A vision in smiles and stripes greets visitors at the entrance to the second phase of the High Line, on West 30th Street and 10th Avenue. Presented by AOL as part of the company’s recent investment in the arts, Rainbow City by FriendsWithYou is a fairground of rotund red, blue, yellow and white balloon creatures designed to delight children and adults (with a little help from Colicchio & Sons’ temporary bar, the Tap, conveniently located next door.)
Rainbow City is a traveling installation by the Miami-based conglomerate—an operative term here—that combines Sam Borkson and Arturo “Tury” Sandoval’s training and interest in industrial design, engineering and sculpture. Fabricators of cutesy generic figures, FriendsWithYou draw inspiration (and a business model) from product-driven companies, and like to think of themselves as a hybrid thinktank/art collective. Their work includes children’s wear, product design and interactive art, and always uses slightly retro childhood imagery, wirth sleek production.
Rainbow City’s balloons—some with faces, others abstract like giant oblong beach balls—are big, soft, squishy structures that bob contentedly, encouraging viewers to touch them and play with them. They draw most obviously from Japanese anime, particularly the Sanrio all-stars of the ‘80s and ‘90s.
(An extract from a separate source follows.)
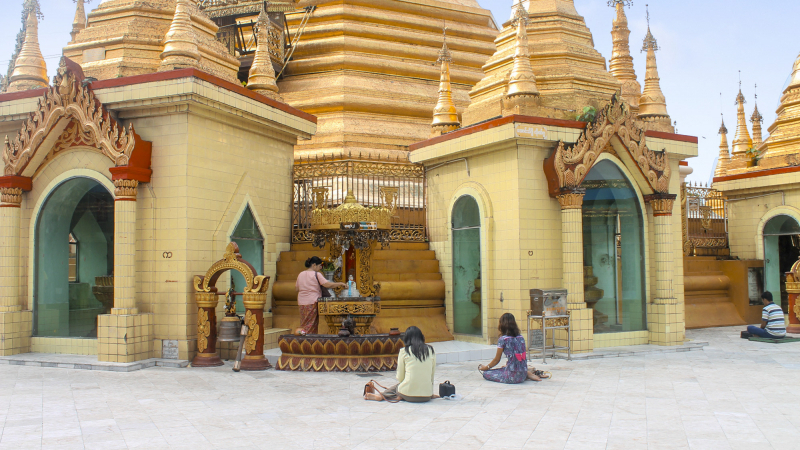 Sule Pagoda (17)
FriendsWithYou also cites the iconography of video games as a source.
Sandoval says the differentiation of art from a marketed, designed product is outmoded. “We’re like a hybrid,” Sandoval explains of their multivalent projects. “A beautiful amoeba that has powerful arms.” If there is any irony in their desire to be friends with you, the collective’s twenty-something founders aren’t letting on.
Borkson and Sandoval say it’s easier to get funding for innovative public art as an artist pitching a project, rather than, say, as a designer. But what does the group’s commercial division, FWYstudios—with its professional relationships with MTV and Target, its work in marketing and branding and collaboration with AOL—do for FriendsWithYou’s artistic credibility? It depends what you want from your art. As a serious study of the implications of branding on art, FriendsWithYou and its Rainbow City fall short. As a novel, popular experience in an increasingly experience-driven economy, it thrives.
One of the biggest structures, an enclosed “bouncy castle” of the sort found at fairgrounds and children’s birthday parties, hints at the collaborators’ next project, a series of amusement park rides.